Material supplied
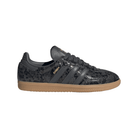 Women's Adidas Samba OG "Snakeskin Black"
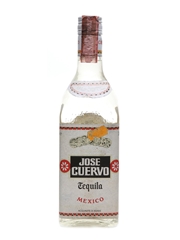 Jose Cuervo Imported Bottled 1990s - United Distillers 70cl / 38%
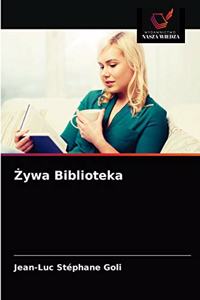 Żywa Biblioteka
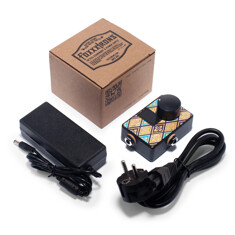 Источник питания Fox Tattoo Detonator V3.0 Japanese #1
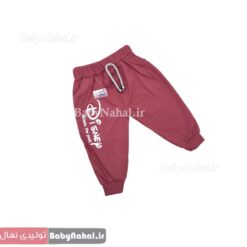 شلوارك پنبه Disney (AK) كد 9510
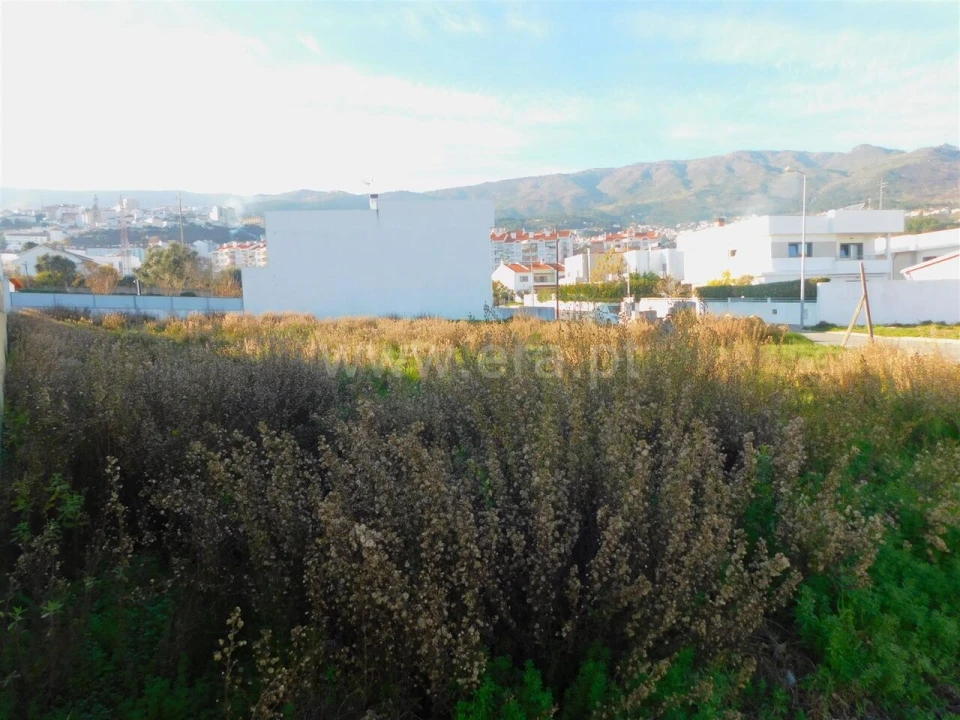 Terreno para Venda em Covilhã e Canhoso Foto 2
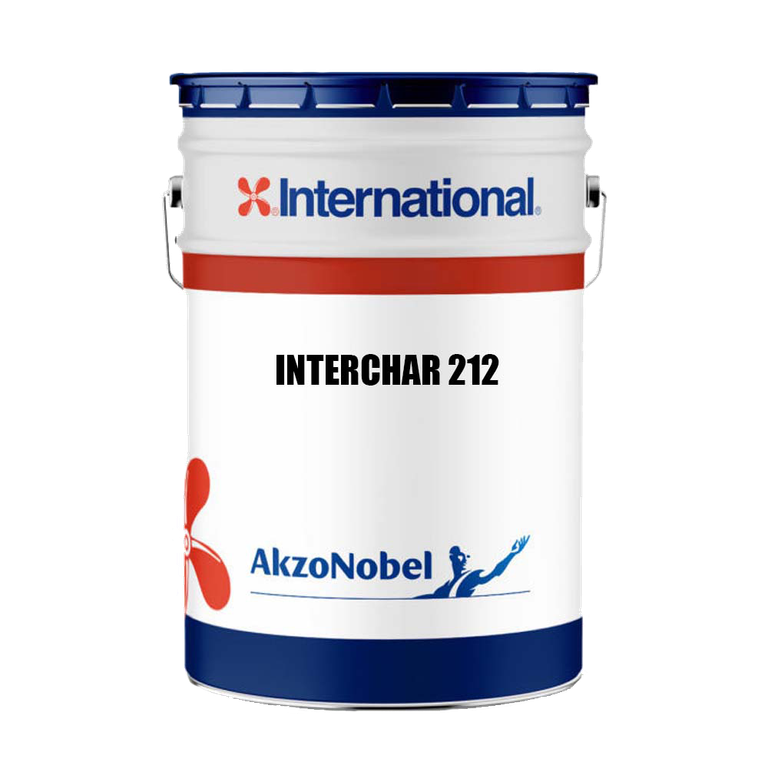Interchar® 212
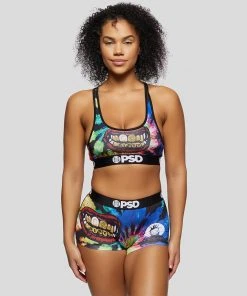 PSD Underwear Ol Dirty Bastard - Boy Short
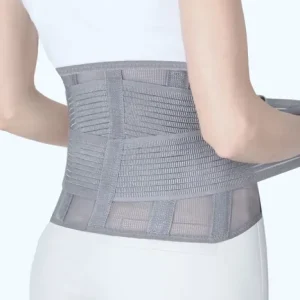 Orthopedic Back Brace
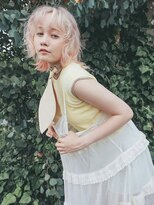 ミッケ(mikke)&nbsp;サロンスタイル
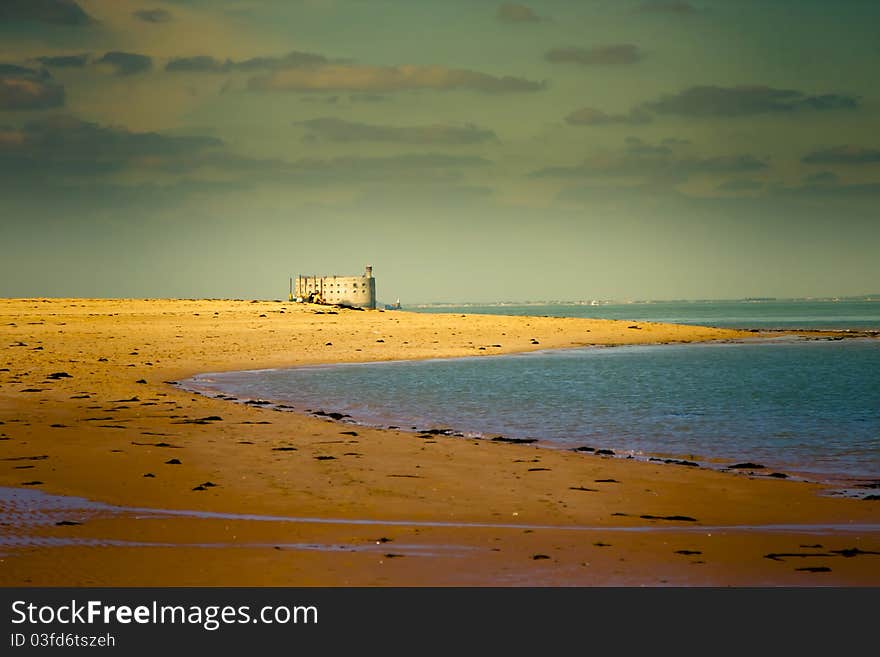 Fort Boyard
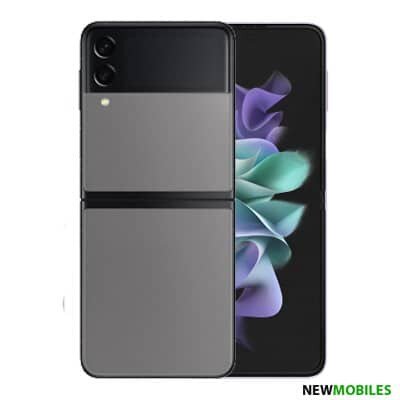 Samsung Galaxy Z Flip 3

Exercise objective
When you write out the material again, keep every word exact and omit the pictures.

Solution to the exercise
 Women's Adidas Samba OG "Snakeskin Black"
 Jose Cuervo Imported Bottled 1990s - United Distillers 70cl / 38%
 Żywa Biblioteka
 Источник питания Fox Tattoo Detonator V3.0 Japanese #1
 شلوارك پنبه Disney (AK) كد 9510
 Terreno para Venda em Covilhã e Canhoso Foto 2
Interchar® 212
 PSD Underwear Ol Dirty Bastard - Boy Short
 Orthopedic Back Brace
 ミッケ(mikke)&nbsp;サロンスタイル
 Fort Boyard
 Samsung Galaxy Z Flip 3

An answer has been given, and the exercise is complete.